EXERCISE OBJECTIVE —
Nothing but the text should be carried over: reproduce all the data exactly and leave out every image.

======== SOURCE MATERIAL

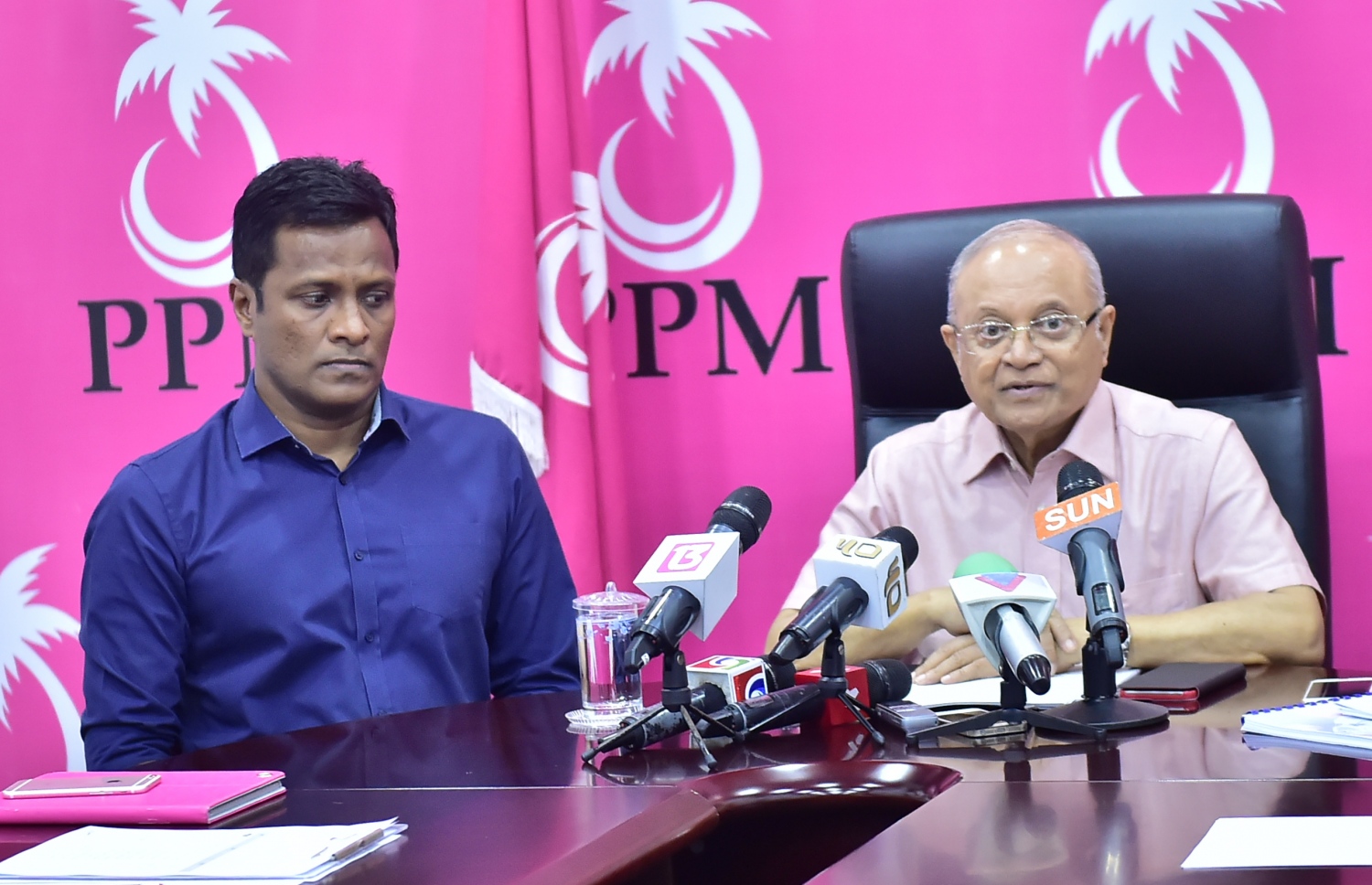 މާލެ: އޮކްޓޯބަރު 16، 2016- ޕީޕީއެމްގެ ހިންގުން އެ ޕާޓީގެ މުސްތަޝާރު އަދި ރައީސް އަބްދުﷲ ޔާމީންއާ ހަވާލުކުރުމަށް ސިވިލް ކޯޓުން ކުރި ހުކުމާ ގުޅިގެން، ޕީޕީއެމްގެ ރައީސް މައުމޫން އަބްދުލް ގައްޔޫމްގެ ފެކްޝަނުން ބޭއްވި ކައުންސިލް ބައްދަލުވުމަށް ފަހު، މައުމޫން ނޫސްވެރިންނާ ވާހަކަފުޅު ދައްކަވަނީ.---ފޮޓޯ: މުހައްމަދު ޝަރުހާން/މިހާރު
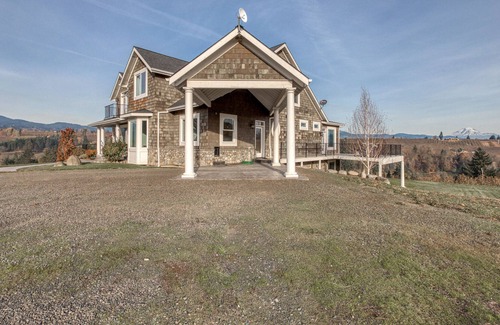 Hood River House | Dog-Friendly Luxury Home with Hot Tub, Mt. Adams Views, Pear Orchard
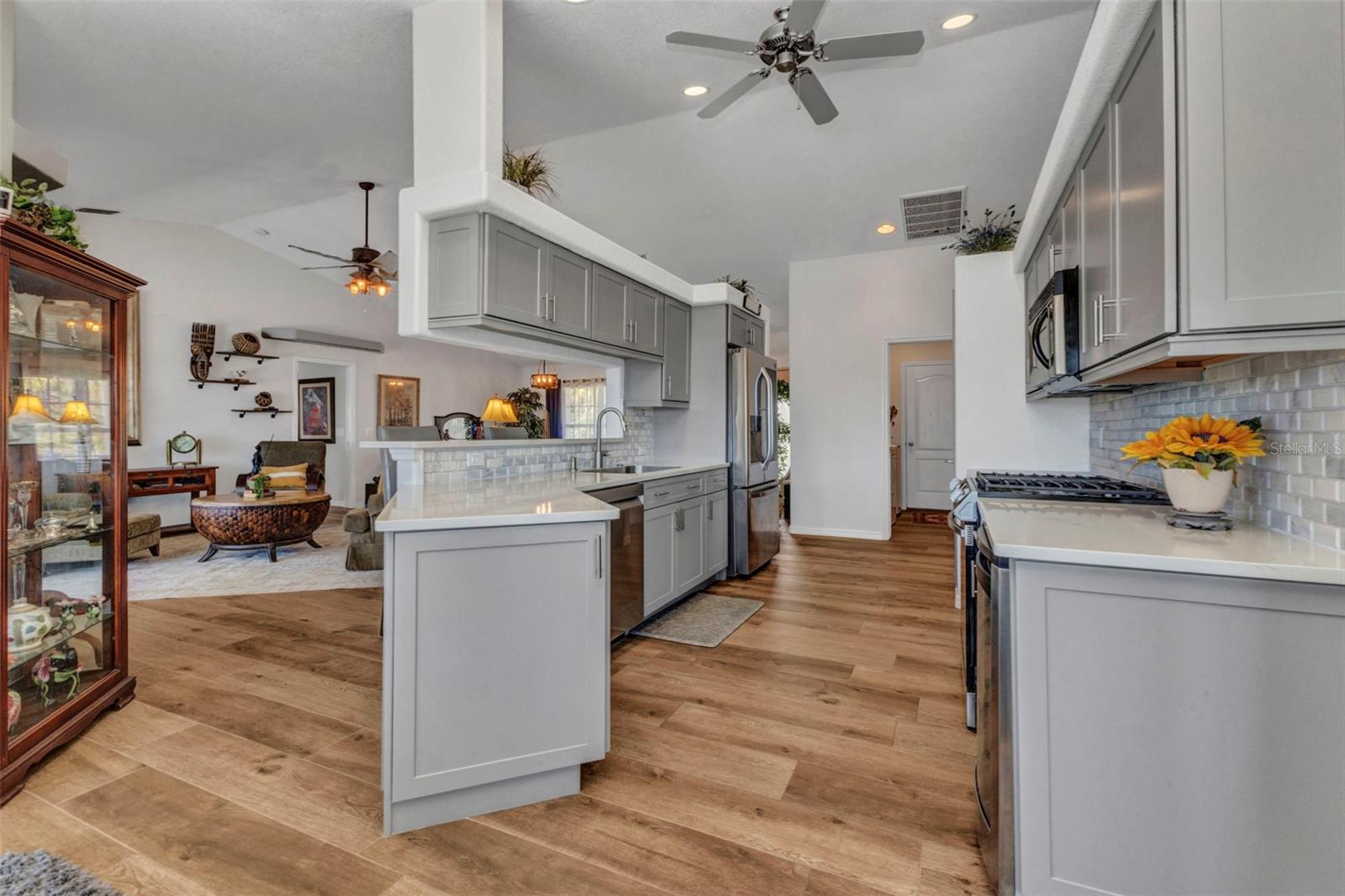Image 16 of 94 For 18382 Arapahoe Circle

================

WRITTEN SOLUTION —
 މާލެ: އޮކްޓޯބަރު 16، 2016- ޕީޕީއެމްގެ ހިންގުން އެ ޕާޓީގެ މުސްތަޝާރު އަދި ރައީސް އަބްދުﷲ ޔާމީންއާ ހަވާލުކުރުމަށް ސިވިލް ކޯޓުން ކުރި ހުކުމާ ގުޅިގެން، ޕީޕީއެމްގެ ރައީސް މައުމޫން އަބްދުލް ގައްޔޫމްގެ ފެކްޝަނުން ބޭއްވި ކައުންސިލް ބައްދަލުވުމަށް ފަހު، މައުމޫން ނޫސްވެރިންނާ ވާހަކަފުޅު ދައްކަވަނީ.---ފޮޓޯ: މުހައްމަދު ޝަރުހާން/މިހާރު
 Hood River House | Dog-Friendly Luxury Home with Hot Tub, Mt. Adams Views, Pear Orchard
Image 16 of 94 For 18382 Arapahoe Circle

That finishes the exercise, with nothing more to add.